Thermally optimized chassis
The ability of the MX7000 chassis to air-cool the eight slots is directly affected by the storage configuration of each sled as well as the placement of sleds in the chassis. For example: Pulling air through a sled that has six hard drives is harder than with a sled that has four hard drives. Machine learning is built into the sled and chassis firmware to dynamically analyze the ability of the chassis to deliver air-cooling to each sled.
A consistent storage configuration maximizes cooling across all sleds and enables the MX760c to support up to six 2.5-in. storage devices with the latest 4th Gen Intel® Xeon® CPUs.
A varied storage configuration with MX760c sleds enables support for up to four 2.5-in. storage devices to maximize cooling through each sled.

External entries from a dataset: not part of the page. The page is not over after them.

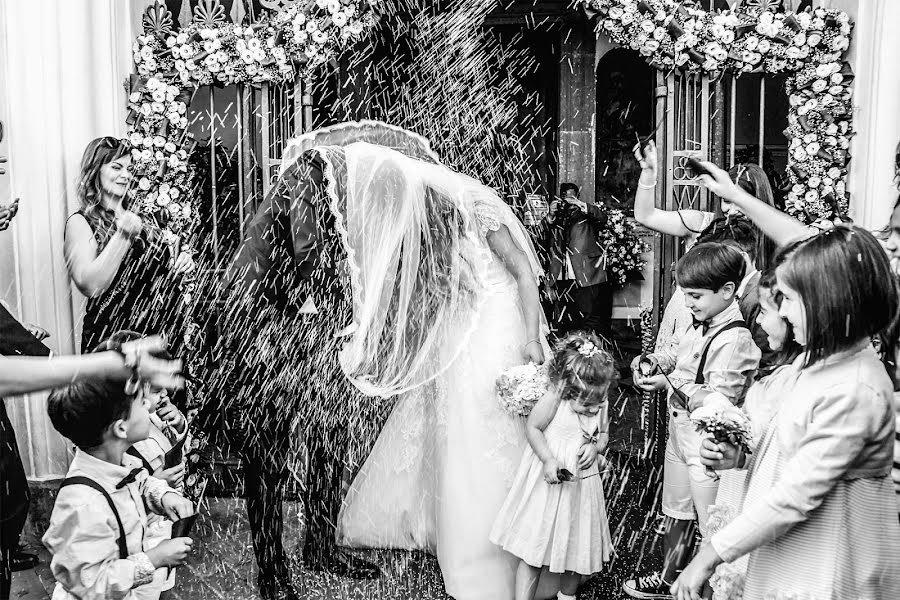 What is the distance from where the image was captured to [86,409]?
261 centimetres

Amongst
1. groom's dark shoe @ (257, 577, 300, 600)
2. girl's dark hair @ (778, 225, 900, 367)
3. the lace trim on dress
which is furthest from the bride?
girl's dark hair @ (778, 225, 900, 367)

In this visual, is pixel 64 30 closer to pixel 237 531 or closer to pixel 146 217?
pixel 146 217

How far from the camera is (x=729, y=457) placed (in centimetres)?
249

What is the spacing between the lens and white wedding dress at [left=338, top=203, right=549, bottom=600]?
3.94m

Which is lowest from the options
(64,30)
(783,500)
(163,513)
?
(163,513)

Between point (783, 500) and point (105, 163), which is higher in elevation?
point (105, 163)

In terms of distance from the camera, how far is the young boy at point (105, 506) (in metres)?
2.46

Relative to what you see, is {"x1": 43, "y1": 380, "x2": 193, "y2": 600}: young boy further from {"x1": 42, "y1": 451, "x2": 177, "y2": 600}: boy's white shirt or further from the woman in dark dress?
the woman in dark dress

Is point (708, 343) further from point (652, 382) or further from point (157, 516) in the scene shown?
point (157, 516)

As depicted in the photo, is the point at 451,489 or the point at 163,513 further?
the point at 451,489

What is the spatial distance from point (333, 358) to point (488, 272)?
144 cm

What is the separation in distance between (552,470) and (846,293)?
1619mm

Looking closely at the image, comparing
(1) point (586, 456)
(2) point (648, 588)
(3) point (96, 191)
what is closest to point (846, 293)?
(1) point (586, 456)

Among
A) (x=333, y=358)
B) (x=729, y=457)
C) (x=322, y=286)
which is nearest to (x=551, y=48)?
(x=333, y=358) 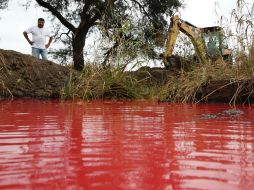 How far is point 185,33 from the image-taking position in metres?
9.66

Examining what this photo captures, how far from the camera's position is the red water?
100 cm

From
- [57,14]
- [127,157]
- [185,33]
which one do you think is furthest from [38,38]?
[127,157]

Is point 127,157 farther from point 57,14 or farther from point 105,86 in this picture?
point 57,14

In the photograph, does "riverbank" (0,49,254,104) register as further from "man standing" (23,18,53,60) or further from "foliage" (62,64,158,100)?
"man standing" (23,18,53,60)

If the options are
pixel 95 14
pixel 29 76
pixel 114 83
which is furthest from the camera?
pixel 95 14

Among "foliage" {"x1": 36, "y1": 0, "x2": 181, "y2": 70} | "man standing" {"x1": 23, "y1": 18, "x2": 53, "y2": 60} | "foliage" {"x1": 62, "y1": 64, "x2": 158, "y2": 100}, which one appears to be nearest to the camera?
"foliage" {"x1": 62, "y1": 64, "x2": 158, "y2": 100}

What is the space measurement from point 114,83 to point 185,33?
13.3 ft

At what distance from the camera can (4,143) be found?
62.8 inches

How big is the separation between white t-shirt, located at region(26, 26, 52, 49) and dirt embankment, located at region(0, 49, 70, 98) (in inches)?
111

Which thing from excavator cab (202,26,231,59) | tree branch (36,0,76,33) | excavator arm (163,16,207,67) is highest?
tree branch (36,0,76,33)

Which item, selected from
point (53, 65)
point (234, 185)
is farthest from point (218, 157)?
point (53, 65)

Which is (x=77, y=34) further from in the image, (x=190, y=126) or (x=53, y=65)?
(x=190, y=126)

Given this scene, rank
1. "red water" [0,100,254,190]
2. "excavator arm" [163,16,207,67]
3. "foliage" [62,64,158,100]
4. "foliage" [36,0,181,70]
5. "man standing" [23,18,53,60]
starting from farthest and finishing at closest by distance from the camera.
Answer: "foliage" [36,0,181,70]
"man standing" [23,18,53,60]
"excavator arm" [163,16,207,67]
"foliage" [62,64,158,100]
"red water" [0,100,254,190]

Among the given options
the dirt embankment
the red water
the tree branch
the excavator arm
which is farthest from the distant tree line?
the red water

MX7000 air-cooling enhancements
MX7000 chassis and MX sleds introduced the capability to dynamically calculate the cooling based on the chassis configuration. This capability enabled Dell to offer a thermally optimized chassis with a consistent storage configuration that increases cooling for sleds by 20 percent. Dell used this additional cooling capability to offer high-power CPUs with storage configurations that were not supported by previous generations.

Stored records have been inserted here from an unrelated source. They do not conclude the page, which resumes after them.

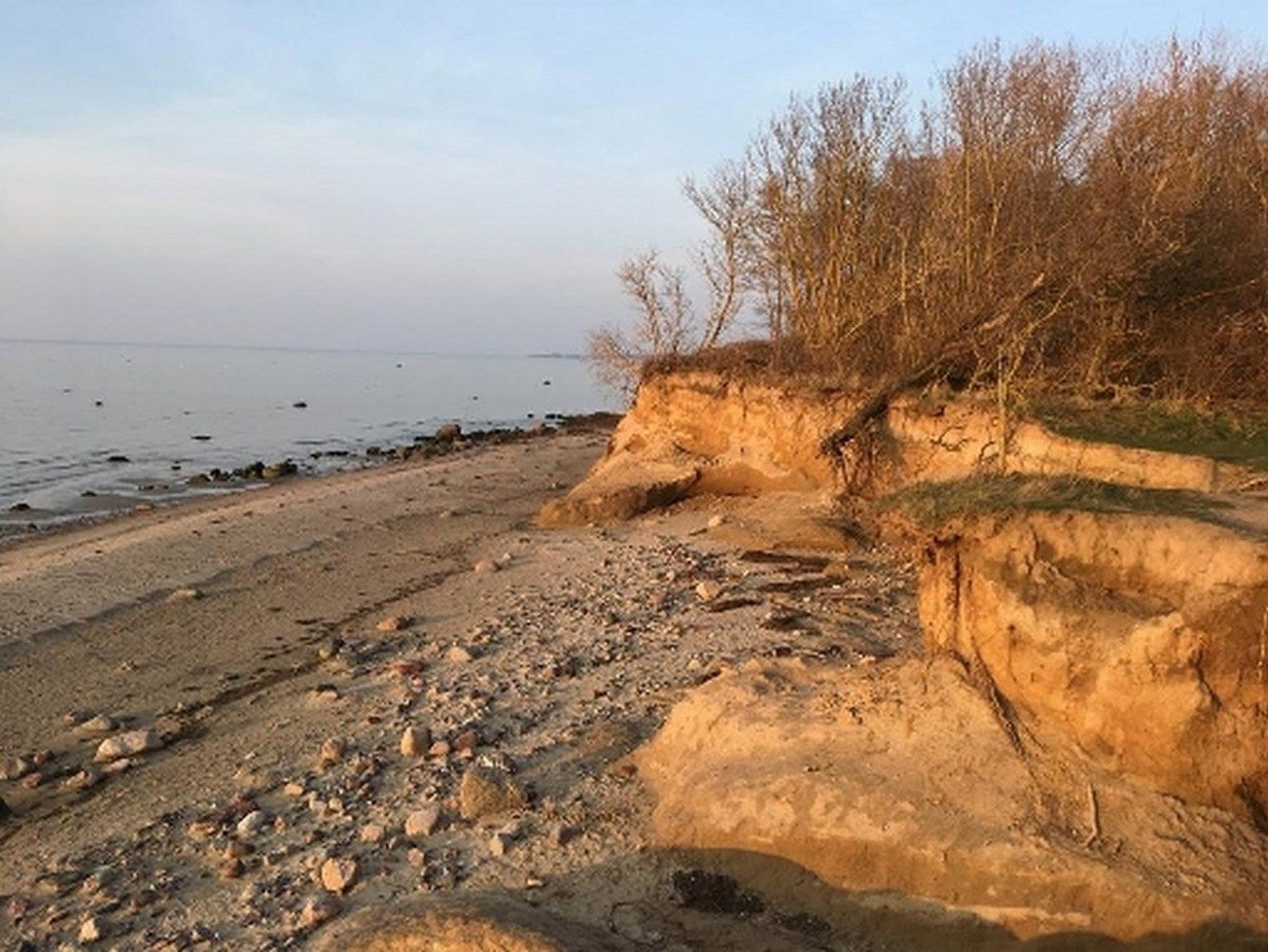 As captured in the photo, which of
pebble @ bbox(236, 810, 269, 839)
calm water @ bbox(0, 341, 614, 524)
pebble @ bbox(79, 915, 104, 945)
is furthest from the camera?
calm water @ bbox(0, 341, 614, 524)

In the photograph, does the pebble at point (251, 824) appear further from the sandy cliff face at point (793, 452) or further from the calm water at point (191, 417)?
the calm water at point (191, 417)

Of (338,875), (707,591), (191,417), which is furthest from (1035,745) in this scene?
(191,417)

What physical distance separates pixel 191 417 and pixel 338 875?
54.5 meters

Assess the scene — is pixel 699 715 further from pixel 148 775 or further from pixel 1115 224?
pixel 1115 224

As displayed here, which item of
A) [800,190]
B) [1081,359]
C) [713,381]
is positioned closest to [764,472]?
[713,381]

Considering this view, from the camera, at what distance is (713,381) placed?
22.2m

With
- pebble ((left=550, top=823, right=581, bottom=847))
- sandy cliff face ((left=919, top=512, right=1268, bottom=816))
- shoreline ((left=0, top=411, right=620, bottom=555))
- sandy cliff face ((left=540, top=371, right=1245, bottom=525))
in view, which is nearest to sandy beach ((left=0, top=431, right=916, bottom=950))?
pebble ((left=550, top=823, right=581, bottom=847))

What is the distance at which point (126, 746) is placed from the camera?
9656 mm

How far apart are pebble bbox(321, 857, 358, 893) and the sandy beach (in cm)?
3

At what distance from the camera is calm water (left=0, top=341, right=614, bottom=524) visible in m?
33.7

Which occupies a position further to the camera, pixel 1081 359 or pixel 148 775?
pixel 1081 359

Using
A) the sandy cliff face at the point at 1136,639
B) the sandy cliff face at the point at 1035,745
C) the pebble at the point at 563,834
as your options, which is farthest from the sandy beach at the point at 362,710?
the sandy cliff face at the point at 1136,639

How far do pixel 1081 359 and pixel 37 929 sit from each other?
16184 mm

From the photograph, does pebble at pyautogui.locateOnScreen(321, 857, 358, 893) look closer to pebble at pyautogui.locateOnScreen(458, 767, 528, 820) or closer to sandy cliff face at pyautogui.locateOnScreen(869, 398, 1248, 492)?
pebble at pyautogui.locateOnScreen(458, 767, 528, 820) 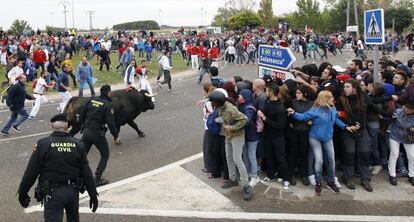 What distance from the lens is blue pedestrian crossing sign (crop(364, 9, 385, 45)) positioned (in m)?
8.61

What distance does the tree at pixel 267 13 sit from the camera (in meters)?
75.4

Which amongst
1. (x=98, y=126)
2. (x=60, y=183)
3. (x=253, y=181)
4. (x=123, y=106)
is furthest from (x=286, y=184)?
(x=123, y=106)

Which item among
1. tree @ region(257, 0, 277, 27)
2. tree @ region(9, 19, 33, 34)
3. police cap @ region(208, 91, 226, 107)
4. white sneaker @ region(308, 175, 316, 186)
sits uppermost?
tree @ region(257, 0, 277, 27)

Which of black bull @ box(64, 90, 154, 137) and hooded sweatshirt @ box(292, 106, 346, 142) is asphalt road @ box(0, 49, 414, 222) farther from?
hooded sweatshirt @ box(292, 106, 346, 142)

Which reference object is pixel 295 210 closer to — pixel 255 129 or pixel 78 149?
pixel 255 129

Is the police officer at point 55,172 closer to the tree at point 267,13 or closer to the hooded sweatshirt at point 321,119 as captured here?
the hooded sweatshirt at point 321,119

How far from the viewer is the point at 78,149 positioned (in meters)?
5.28

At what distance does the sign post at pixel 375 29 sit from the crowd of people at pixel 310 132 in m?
0.60

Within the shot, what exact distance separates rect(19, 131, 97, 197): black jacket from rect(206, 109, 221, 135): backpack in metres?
3.15

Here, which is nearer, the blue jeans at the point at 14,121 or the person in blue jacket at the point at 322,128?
the person in blue jacket at the point at 322,128

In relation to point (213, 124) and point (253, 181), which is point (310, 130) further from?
point (213, 124)

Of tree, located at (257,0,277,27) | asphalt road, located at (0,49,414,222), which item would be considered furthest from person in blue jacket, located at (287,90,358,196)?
tree, located at (257,0,277,27)

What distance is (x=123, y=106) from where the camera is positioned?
11367mm

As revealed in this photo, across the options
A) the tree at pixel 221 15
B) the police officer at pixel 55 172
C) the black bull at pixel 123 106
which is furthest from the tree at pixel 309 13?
the police officer at pixel 55 172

The industry trend of increasing power per node every generation has significantly challenged the ability to deliver air-cooled solutions. The MX7000 chassis introduced the next-generation Gold Grade chassis fans with the MX760c sleds to provide an air-cooled solution with the latest high-powered CPUs. Gold Grade fans deliver 25 percent more cooling per sled than the previous-generation Silver Grade fans.
Enterprise Infrastructure Planning Tool
The Dell Enterprise Infrastructure Planning Tool (EIPT) helps IT professionals plan and tune their systems and infrastructure for maximum efficiency. Customers can model their customized MX7000 chassis and sled configurations in EIPT. The trained machine learning model enables the tool to identify the maximum data center ambient temperature supported by the sleds. It also identifies the most thermally optimized configuration when sleds have a varied storage configuration. This means that new and existing customers can identify the most efficient sled-to-slot configuration to optimize their chassis for maximum cooling capability while lowering power, costs, and fan noise.
Conclusion
Dell continues to deliver innovative solutions that expand the air-cooled feature-rich configuration choices for the PowerEdge MX7000 chassis and server sleds. Dell Engineering combined machine learning technology with next-generation fans to provide customers the latest high-performance CPUs with more local storage configurations than previous generations in an air-cooled chassis. In addition to the expanded air-cooling configurations, Dell also offers Direct Liquid Cooling (DLC) for the PowerEdge MX7000 chassis and server sleds. The features and potential benefits of DLC are discussed in a separate Direct from Development tech note.
References
- Tech Talk Video: The MX7000 Introduces a New Thermal Innovation
- Direct from Development Tech Note: The History of Server and Data Center Cooling Technologies
Related Documents
Are Rugged Compact Platforms Ready for Edge AI?
Thu, 14 Mar 2024 16:47:06 -0000
|Read Time: 0 minutes
Scalers AI™ tested the Impellers Defect Inspection at the Edge on the Dell PowerEdge XR5610 server. Impellers are rotating components used in various industrial processes, including fluid handling in pumps and fans. Quality inspection of impellers is crucial to ensure their reliable performance and durability.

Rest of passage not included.